The term ‘whiplash’ or WAD (Whiplash Associated Disorder) is used to describe the symptoms which are commonly experienced after an incident which involves the head being forced backwards and forwards, or suddenly rotated. This is most commonly as a result of a road traffic incident or a sports injury.

Symptoms are not always experienced immediately after the incident and often develop over the next 24-72 hours.  The most common symptom of whiplash is neck pain and stiffness. Some people may also experience pain or stiffness in the middle or lower back and pain down one or both arms. Other common symptoms include headaches, pins and needles or numbness in the arms or hands, dizziness, feeling very tired, blurred vision, loss of concentration or tinnitus (ringing in the ears).
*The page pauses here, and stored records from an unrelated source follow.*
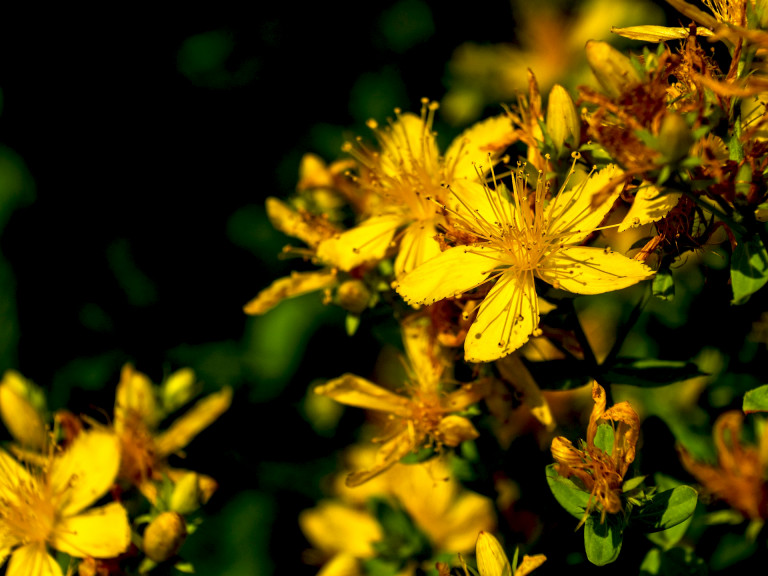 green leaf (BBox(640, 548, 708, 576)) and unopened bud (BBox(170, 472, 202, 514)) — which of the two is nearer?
green leaf (BBox(640, 548, 708, 576))

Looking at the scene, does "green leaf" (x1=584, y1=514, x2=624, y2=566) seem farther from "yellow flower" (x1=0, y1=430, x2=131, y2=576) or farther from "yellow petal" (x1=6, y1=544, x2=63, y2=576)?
"yellow petal" (x1=6, y1=544, x2=63, y2=576)

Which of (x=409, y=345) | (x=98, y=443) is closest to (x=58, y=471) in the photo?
(x=98, y=443)

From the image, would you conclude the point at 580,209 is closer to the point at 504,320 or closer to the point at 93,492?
the point at 504,320

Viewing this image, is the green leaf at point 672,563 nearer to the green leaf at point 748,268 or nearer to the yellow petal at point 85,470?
the green leaf at point 748,268

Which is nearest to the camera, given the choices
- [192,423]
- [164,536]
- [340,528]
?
[164,536]

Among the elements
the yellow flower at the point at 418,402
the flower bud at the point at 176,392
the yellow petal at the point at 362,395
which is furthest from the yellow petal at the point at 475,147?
the flower bud at the point at 176,392

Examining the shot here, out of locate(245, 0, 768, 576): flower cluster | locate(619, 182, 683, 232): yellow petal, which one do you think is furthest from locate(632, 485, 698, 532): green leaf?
locate(619, 182, 683, 232): yellow petal

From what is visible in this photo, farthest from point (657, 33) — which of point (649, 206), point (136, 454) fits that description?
point (136, 454) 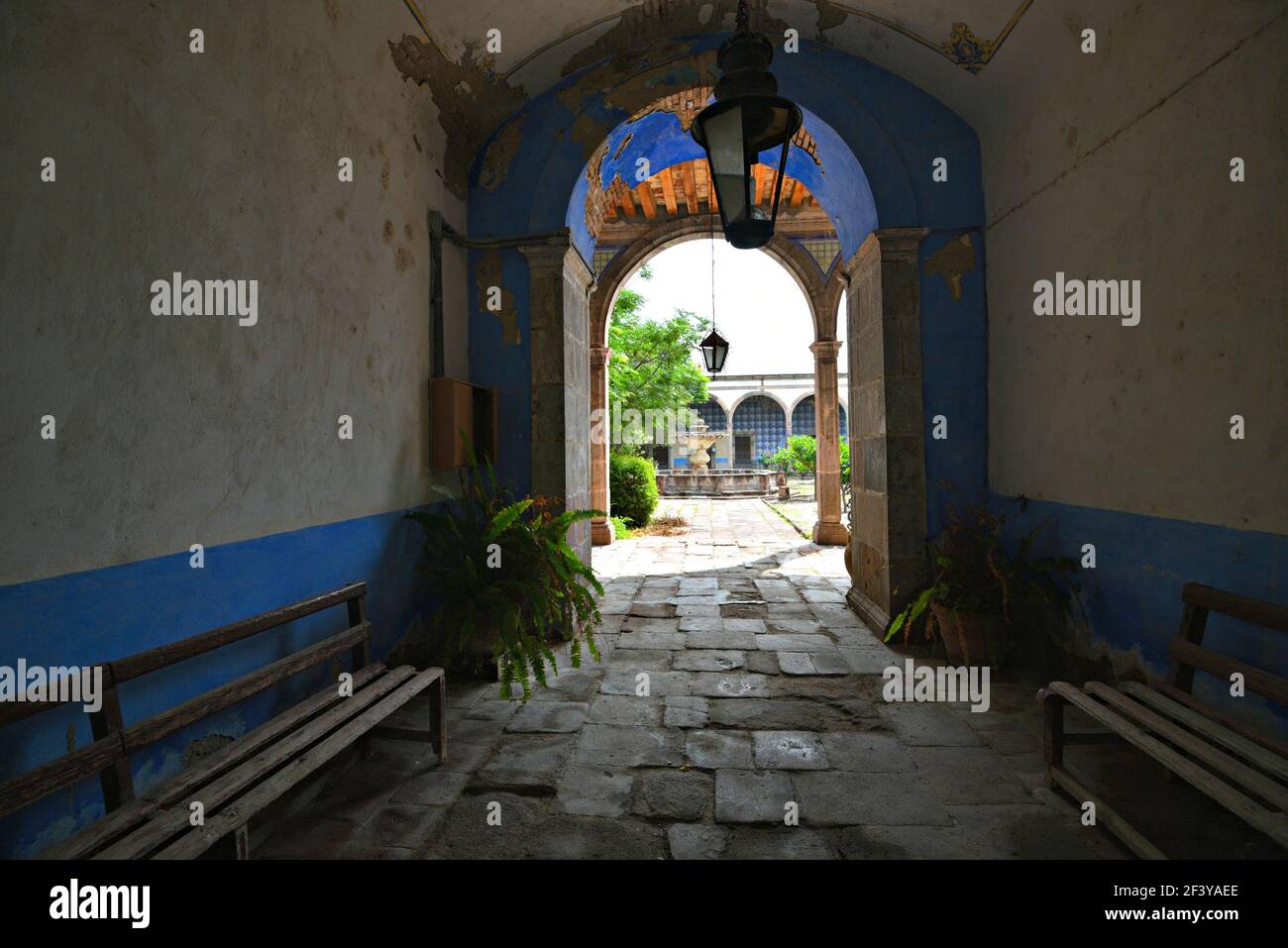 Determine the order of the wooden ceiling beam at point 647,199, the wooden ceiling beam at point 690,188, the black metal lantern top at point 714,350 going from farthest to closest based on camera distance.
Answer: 1. the wooden ceiling beam at point 647,199
2. the black metal lantern top at point 714,350
3. the wooden ceiling beam at point 690,188

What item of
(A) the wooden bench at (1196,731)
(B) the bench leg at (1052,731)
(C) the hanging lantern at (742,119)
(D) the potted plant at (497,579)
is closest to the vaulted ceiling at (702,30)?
(C) the hanging lantern at (742,119)

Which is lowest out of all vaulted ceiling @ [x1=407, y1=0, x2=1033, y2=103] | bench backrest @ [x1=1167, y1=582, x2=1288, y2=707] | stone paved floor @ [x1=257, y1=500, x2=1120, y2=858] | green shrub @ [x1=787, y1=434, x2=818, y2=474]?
stone paved floor @ [x1=257, y1=500, x2=1120, y2=858]

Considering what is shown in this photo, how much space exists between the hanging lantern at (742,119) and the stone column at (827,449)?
6123 mm

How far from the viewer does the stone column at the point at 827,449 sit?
8.78m

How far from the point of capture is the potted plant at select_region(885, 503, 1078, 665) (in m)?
3.66

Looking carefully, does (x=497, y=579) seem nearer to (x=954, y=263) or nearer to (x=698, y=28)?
(x=954, y=263)

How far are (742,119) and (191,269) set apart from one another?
7.84ft

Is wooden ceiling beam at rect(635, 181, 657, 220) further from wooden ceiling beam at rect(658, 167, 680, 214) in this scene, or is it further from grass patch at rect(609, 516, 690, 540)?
grass patch at rect(609, 516, 690, 540)

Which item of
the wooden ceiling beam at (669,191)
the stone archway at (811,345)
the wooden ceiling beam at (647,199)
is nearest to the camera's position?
the wooden ceiling beam at (669,191)

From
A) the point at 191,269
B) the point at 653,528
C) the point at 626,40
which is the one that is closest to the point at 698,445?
the point at 653,528

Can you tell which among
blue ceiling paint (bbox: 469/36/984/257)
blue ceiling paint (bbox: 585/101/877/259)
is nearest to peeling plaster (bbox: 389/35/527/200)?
blue ceiling paint (bbox: 469/36/984/257)

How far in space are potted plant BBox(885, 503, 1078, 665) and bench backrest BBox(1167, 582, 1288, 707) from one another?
39.4 inches

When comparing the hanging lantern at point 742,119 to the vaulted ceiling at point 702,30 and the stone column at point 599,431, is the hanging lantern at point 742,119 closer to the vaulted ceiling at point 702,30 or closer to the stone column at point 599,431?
the vaulted ceiling at point 702,30
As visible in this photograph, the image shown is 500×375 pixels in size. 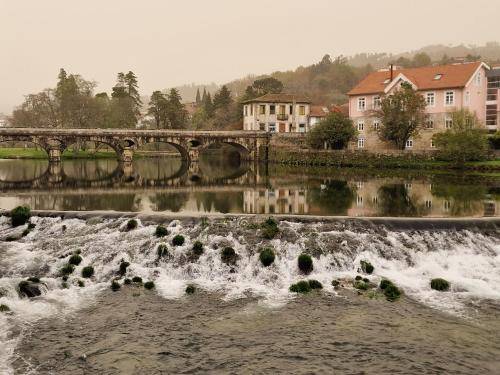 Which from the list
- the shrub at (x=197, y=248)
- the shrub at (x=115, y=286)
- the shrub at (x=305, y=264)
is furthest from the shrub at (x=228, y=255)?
the shrub at (x=115, y=286)

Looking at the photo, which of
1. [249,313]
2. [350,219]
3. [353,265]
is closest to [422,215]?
[350,219]

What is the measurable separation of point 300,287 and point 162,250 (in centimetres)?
680

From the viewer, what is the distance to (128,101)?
371 ft

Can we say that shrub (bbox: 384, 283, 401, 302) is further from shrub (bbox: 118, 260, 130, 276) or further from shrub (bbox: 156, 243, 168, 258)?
shrub (bbox: 118, 260, 130, 276)

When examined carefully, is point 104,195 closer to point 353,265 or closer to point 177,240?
point 177,240

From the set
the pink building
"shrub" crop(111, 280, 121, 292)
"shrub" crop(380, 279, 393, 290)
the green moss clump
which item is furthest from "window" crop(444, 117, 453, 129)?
"shrub" crop(111, 280, 121, 292)

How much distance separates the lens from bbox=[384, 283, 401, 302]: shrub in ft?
59.1

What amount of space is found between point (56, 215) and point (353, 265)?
1660 centimetres

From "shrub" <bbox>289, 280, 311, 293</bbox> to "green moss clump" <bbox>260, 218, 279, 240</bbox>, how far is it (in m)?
4.42

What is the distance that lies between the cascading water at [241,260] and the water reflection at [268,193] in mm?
6468

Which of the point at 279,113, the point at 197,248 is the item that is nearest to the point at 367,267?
the point at 197,248

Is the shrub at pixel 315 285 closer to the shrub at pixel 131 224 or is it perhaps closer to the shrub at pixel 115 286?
the shrub at pixel 115 286

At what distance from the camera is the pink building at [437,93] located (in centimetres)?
6875

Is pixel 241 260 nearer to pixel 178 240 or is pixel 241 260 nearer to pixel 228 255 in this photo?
pixel 228 255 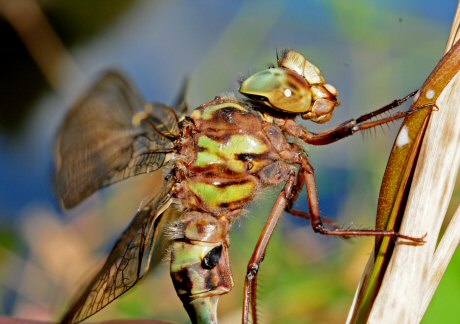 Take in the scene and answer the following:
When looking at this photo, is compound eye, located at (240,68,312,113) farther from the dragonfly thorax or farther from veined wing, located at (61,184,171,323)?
veined wing, located at (61,184,171,323)

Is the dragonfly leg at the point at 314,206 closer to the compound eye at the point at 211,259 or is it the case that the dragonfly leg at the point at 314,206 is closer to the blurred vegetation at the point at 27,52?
the compound eye at the point at 211,259

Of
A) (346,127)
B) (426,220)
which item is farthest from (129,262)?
(426,220)

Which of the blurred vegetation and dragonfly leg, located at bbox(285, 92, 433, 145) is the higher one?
the blurred vegetation

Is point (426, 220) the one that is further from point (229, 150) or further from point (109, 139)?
point (109, 139)

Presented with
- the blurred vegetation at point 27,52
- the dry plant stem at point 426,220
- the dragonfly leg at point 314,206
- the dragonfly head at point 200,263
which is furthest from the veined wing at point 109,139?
the blurred vegetation at point 27,52

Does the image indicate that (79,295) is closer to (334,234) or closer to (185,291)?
(185,291)

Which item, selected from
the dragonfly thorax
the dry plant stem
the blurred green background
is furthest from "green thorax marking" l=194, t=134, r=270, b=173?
the dry plant stem

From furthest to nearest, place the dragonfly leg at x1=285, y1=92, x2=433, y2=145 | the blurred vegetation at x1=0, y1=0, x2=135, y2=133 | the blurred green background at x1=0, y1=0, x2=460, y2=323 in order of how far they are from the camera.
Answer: the blurred vegetation at x1=0, y1=0, x2=135, y2=133, the blurred green background at x1=0, y1=0, x2=460, y2=323, the dragonfly leg at x1=285, y1=92, x2=433, y2=145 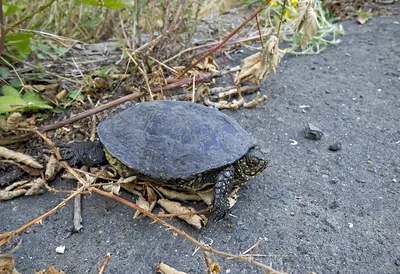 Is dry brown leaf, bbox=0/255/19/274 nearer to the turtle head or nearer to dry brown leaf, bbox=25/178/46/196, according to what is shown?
dry brown leaf, bbox=25/178/46/196

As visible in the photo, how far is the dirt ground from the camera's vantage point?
1868mm

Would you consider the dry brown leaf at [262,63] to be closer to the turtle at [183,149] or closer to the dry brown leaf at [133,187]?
the turtle at [183,149]

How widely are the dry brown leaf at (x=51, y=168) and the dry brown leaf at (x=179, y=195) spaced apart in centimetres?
66

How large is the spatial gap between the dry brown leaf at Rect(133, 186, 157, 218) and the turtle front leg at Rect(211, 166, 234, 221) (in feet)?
1.10

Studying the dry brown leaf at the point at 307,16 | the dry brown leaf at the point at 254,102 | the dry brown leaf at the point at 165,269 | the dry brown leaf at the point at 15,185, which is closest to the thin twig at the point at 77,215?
the dry brown leaf at the point at 15,185

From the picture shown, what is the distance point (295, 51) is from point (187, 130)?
2.35 m

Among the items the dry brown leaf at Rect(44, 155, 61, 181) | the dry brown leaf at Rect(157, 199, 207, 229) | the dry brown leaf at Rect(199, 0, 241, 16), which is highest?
the dry brown leaf at Rect(44, 155, 61, 181)

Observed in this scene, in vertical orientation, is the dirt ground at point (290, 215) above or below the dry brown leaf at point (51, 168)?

Although whiplash can be a very painful and distressing condition, in most cases, the symptoms will settle within a few weeks. It is very important to move as normally as possible after the incident.  Even when the neck or back is still quite painful, it should be exercised gently to avoid stiffness. This has been shown to greatly enhance recovery and prevent persistent pain and stiffness. Painkillers and anti-inflammatory medication can help to alleviate some of the pain and inflammation, and can help you to keep moving more normally. You should discuss this with your GP or a pharmacist. The use of a heat pack or hot water bottle can be very helpful to ease muscle spasm. 

Physiotherapy is helpful in speeding up the recovery from whiplash. It will normally involve advice, stretching and hands on treatment such as massage, mobilisations or acupuncture.